YOUR ASSIGNMENT:
Copy out the data below from the line containing "Mini kalėdiniai kamuoliukai" to the line containing "frufru咕嚕商店 天使甜點屋 秋冬原創大容量單肩巧克力雙面絎棉包 frufru咕嚕商店", both lines included, with all images left out.

EXERCISE DATA:

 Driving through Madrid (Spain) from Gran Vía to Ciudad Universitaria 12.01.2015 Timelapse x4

--

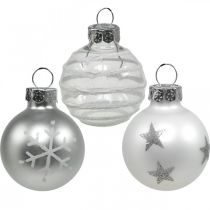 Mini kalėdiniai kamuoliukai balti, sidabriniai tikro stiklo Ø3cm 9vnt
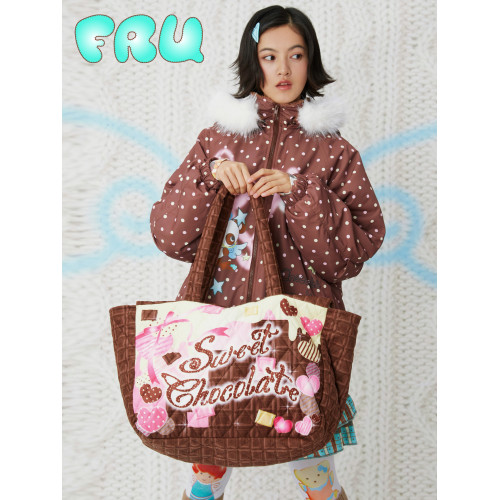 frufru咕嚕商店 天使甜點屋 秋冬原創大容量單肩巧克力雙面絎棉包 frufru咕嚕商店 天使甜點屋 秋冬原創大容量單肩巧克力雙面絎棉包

==

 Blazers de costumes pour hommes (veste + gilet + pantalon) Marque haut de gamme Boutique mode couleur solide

TASK SOLUTION:
 Mini kalėdiniai kamuoliukai balti, sidabriniai tikro stiklo Ø3cm 9vnt
 frufru咕嚕商店 天使甜點屋 秋冬原創大容量單肩巧克力雙面絎棉包 frufru咕嚕商店 天使甜點屋 秋冬原創大容量單肩巧克力雙面絎棉包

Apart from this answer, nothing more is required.